En ce qui concerne les contes, au dire de ceux qui ont fait de recherches, les zistwars avec les compères zanimo, sont d’origines Africaines racontées par les descendants d’esclaves alors que ceux de Ti Jean et Jeanne ou autres «enn fwa dan enn pei, ti enan enn le roi…» sont de ces français pauvres qui s’assemblaient  avec les noirs, étant dans la même catégorie économique. C’est bien de cette façon que le métissage a pris place pour donner «les gens de couleur», contrairement a ce que disent certains que les métis sont forcement des enfants des blancs colons et des negresses.

Les sirandanes et Zedmo est un autre patrimoine qui prouve que la tradition orale peut survivre a travers des générations. Ils s’inscrivent  dans la même logique que les traditions vestimentaires, culinaires, artisanales et musicales des créoles.

D’après A. Diallo, (Seychellois) «Nous avons aussi note quelques ‘zedmo’ ayant l’allure de véritables énoncés de problèmes et dont la résolution exige beaucoup d’intelligence, d’esprit d’initiative et de création.».

Pour Philippe Lavalette (la Réunion) «les sirandanes sont les devinettes traditionnelles des îles créoles. Elles constituent  un véritable trésor linguistique et poétique qui témoignent de l’imagination propre a une culture».

C’est dans cette optique que j’ai le plaisir de présenter, pour commencer la série, a nos amis créoles quelques Sirandanes de l’ile Rodigues, extrait du livre Sirandanes Sampek de l'île Rodrigues de Mlle Chantale Moreau, en laissant le soin à nos lecteurs de trouver les réponses.
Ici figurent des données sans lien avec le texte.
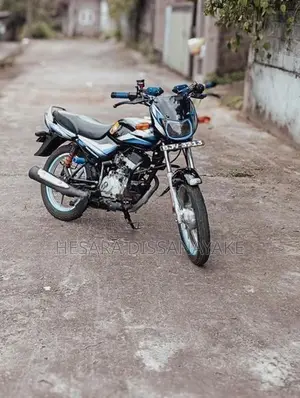 Bajaj CT100 2025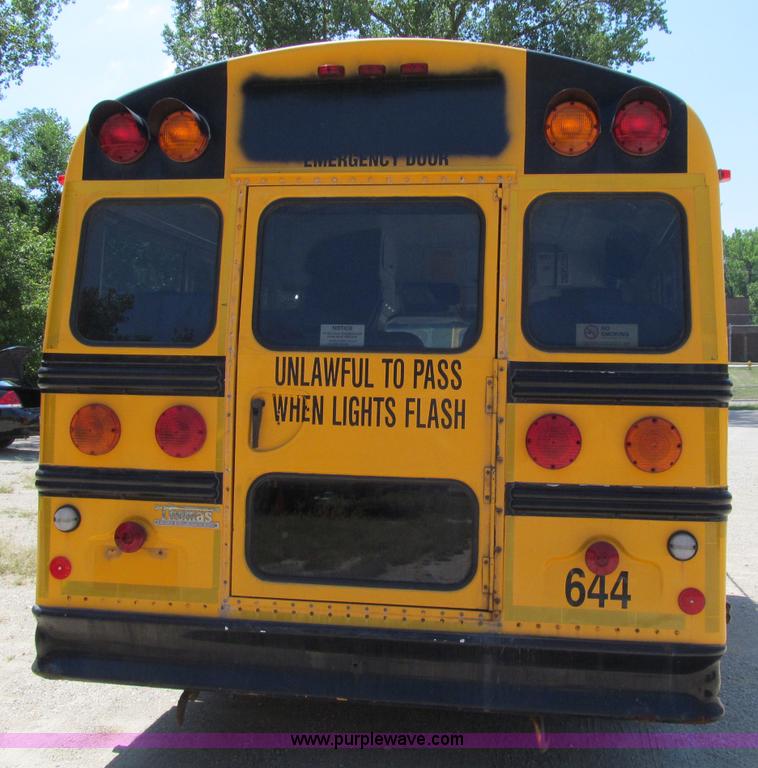 image for item A8372 2001 GMC Savana 3500 school bus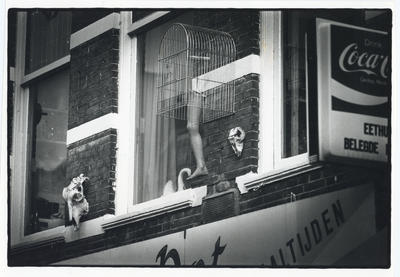 404897 Afbeelding van enkele merkwaardige objecten aan de voorgevel van het pand Vismarkt 22 te Utrecht.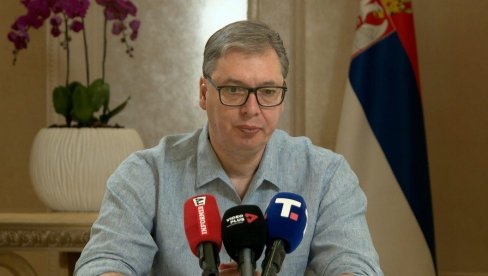 НЕ ВЕРУЈЕМ ДА ПОСТОЈИ АКАДЕМИ КОЈИ БИ ИХ СЛУШАО ПО БИЛО КОМ ПИТАЊУ Вучић: Рекох, за три месеца, чуваћу их све од народа НЕ ВЕРУЈЕМ ДА ПОСТОЈИ АКАДЕМИ КОЈИ БИ ИХ СЛУШАО ПО БИЛО КОМ ПИТАЊУ Вучић: Рекох, за три месеца, чуваћу их све од народа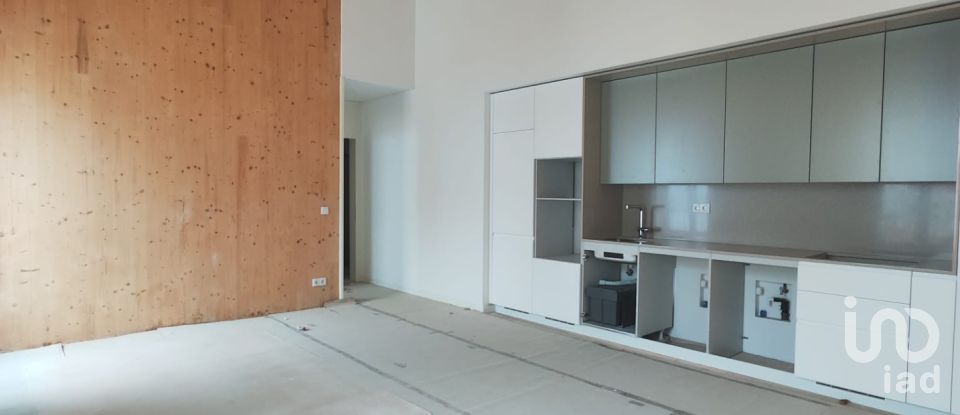 Apartamento T2 em Campolide de 70 m²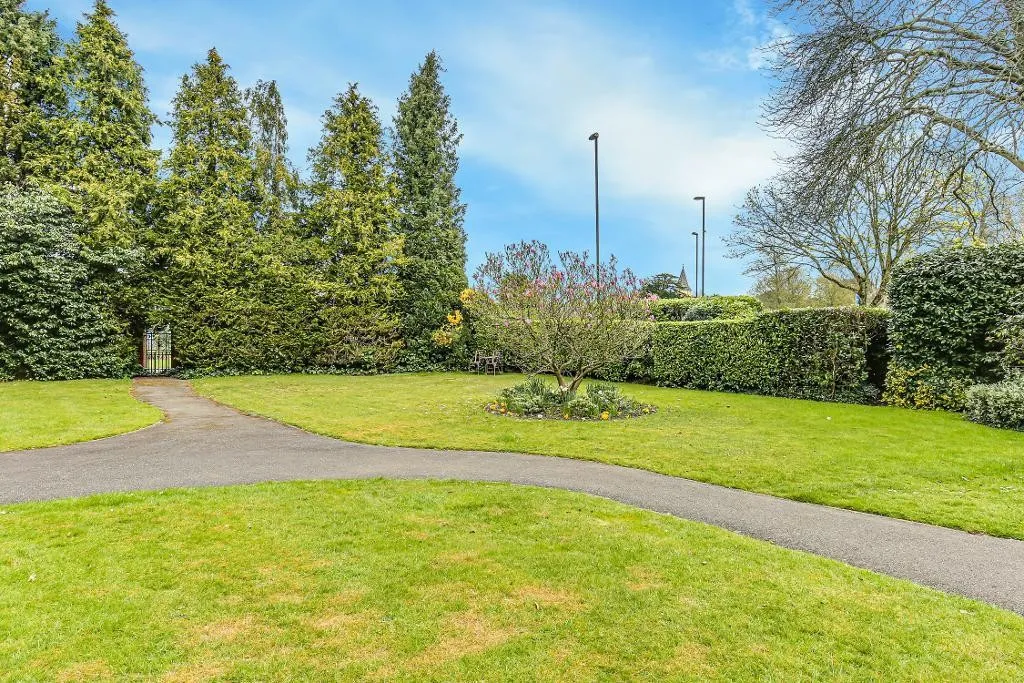 Rectory Court, Sanderstead, photo 4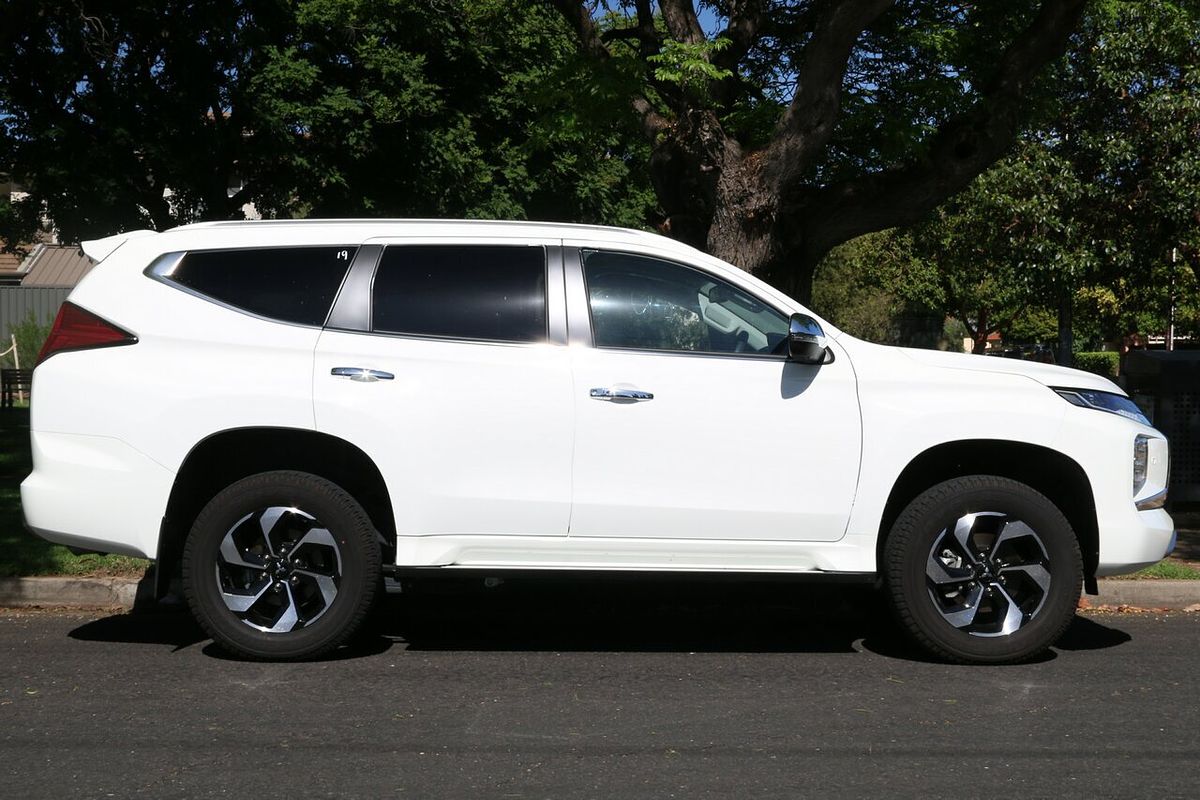 2024 Mitsubishi Pajero Sport Exceed QG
Plin li zour, a swar li vide? – Plein le jour, vide le soir?

Blan dan Nwar? – Le blanc dans le noir?

Blan pa kapav travay san nwar – Le blanc ne peut travailler sans le noir?

Boui li pa kui, gryer li li brile – Bouilli il ne cuit pas, grillé il brule?

Ce ki mo fin trouve, mem Bon Die pas fin trouve – Ce que j’ai trouvé, même le bon Dieu  ne l’a jamais trouvé?